Accent on Living

LOBSTERS are cheap along the New England coast. Often during the summer season the supermarkets offer them as low as 45 cents a pound; 50 or 55 cents is a commonplace. Even at the peak of the summer rush, lobsters are to be had, in expensive resort areas, for 70 cents or so. There was a great uproar, a couple of years ago, and the Department of Justice rolled its antitrust juggernaut in all its majesty over an association of Maine lobstermen, when they tried to establish something higher than the 32-cent price paid them by the wholesalers.

Few items can be put on the table with so little kitchen work and so quickly as lobsters. Yet by the time they are ordered, as a treat for the whole family, by the genial summer traveler from the hinterland, their price in many a water’s-edge dining room has risen to S3 to $5 per portion. The gouge in this case is not only an inhospitality to the stranger, but it undermines, also, the principle that whenever lobsters are served, there should be plenty of them.

Fortunately for the traveler, the roadside lobster specialist now comes forward and with outdoor fires, large caldrons, and a tank of briskly kicking lobsters proceeds to restore a fair competitive balance. His sign may have an “S” or two reversed, and his smokestack may be a bit out of plumb, but he has lobsters in abundance at something under half the restaurant prices. His customers can eat their lobsters under the best possible conditions: alfresco, with ample elbowroom, rocks at hand for cracking knuckles and claws, and an easy riddance of debris — in short, a self-service picniclike meal with second helpings ready at short notice.

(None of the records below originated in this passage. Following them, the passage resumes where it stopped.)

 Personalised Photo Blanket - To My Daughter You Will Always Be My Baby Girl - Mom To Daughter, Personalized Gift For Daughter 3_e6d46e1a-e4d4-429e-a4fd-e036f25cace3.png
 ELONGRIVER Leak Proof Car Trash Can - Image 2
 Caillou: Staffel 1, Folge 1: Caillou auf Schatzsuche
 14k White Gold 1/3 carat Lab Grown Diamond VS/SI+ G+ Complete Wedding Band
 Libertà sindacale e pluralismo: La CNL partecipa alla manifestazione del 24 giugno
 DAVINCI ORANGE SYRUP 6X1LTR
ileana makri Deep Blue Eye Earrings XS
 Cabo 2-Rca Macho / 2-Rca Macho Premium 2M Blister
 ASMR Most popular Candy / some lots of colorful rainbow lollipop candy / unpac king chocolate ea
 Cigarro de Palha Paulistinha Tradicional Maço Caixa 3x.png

A vast mythology has developed about lobsters, much of it so silly as to warrant some correction. The quality of the lobster, for instance, is believed to vary greatly from one locality to another. Maine usually tops the list, according to this legend, and the further south one goes, the poorer the lobster; the flavor is said to decline; the meat is tasteless and tougher, much tougher. Yet the same legend sets up an even heavier prejudice against lobsters from Nova Scotia and the Maritime Provinces, although these have been living in freshly circulating sea water, in the holds of the big pickup boats, right up to the moment of their delivery, scores of thousands at a time, to the distributing companies along our own coast. A Marbleheader would be shocked at the idea of an edible lobster being taken on the outside of Cape Cod, but the man in Stonington, Maine, is sure any Marblehead lobster must taste like something out of the freezer. At Gloucester the natives stare in unbelief when one of the Canadian boats comes in and unloads: Can it be that American citizens are reduced to eating Nova Scotia lobsters?

The best scientific opinion holds that the quality of all these lobsters is identical and that most of the bias in behalf of the local product is a carry-over from suspicions — often well founded—of fish from distant parts. Many a trawler’s cargo reaches the market after touring the fishing grounds for days or even weeks, on ice in the hold, with the result that some seacoast residents, especially the down-Easters, refuse all but the catch of local fishermen.

But lobsters at the roadside boiling stations are unmistakably alive and kicking. (They are equally so when on sale in Kansas City or Chicago, but no matter.) The prices are low. The big ones are just as tender as the little ones. Boiled is better than broiled. Melted butter helps but is unnecessary. The only parts worth working on are tails, knuckles, and claws, and the conscientious dismantling of the carapace is a complete waste of time. Beverage: cold beer.